**Exercise data:**
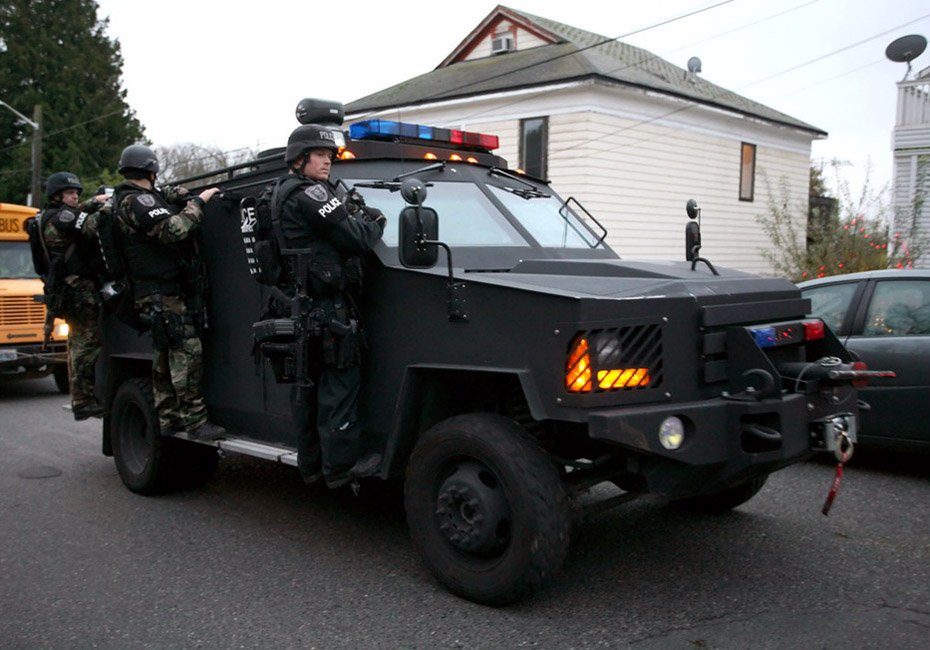 组图:美警方出动反恐特警搜捕伏击警察嫌犯_国
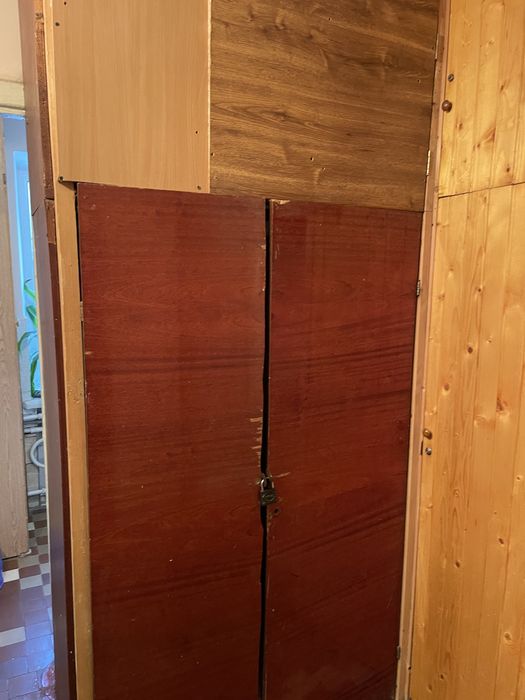 Кімната в гуртожитку не подалік макдоналдс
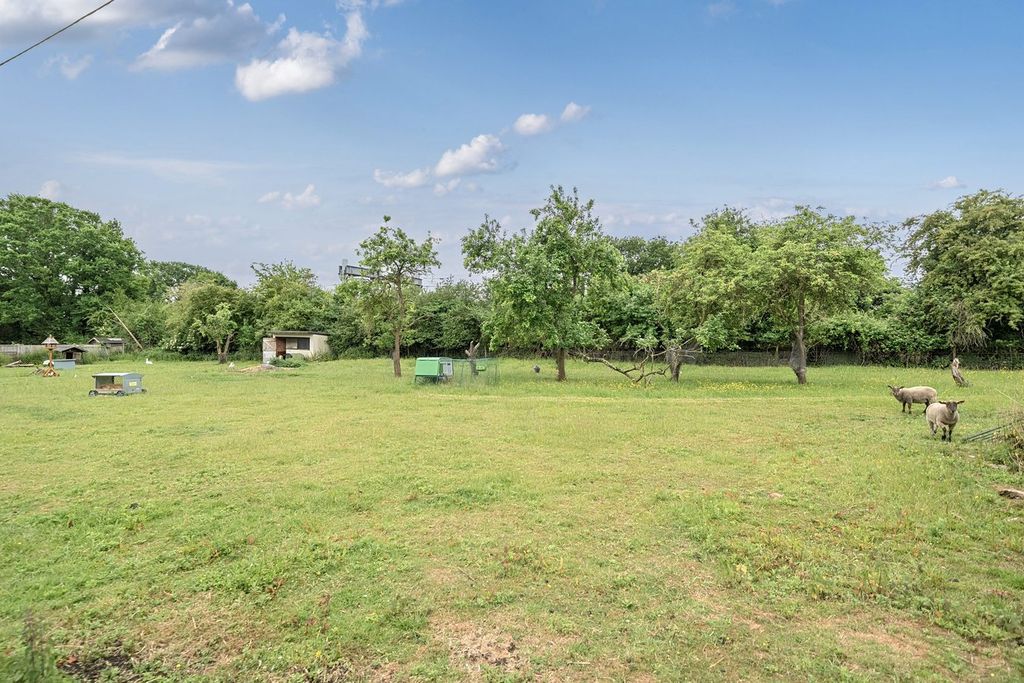 Property photo 3 of 29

**Problem statement:**
Write out only the lines from the line containing "Кімната в гуртожитку не подалік макдоналдс" through the end of the material above, both end lines included. Pictures are not written out.

**Your response:**
 Кімната в гуртожитку не подалік макдоналдс
 Property photo 3 of 29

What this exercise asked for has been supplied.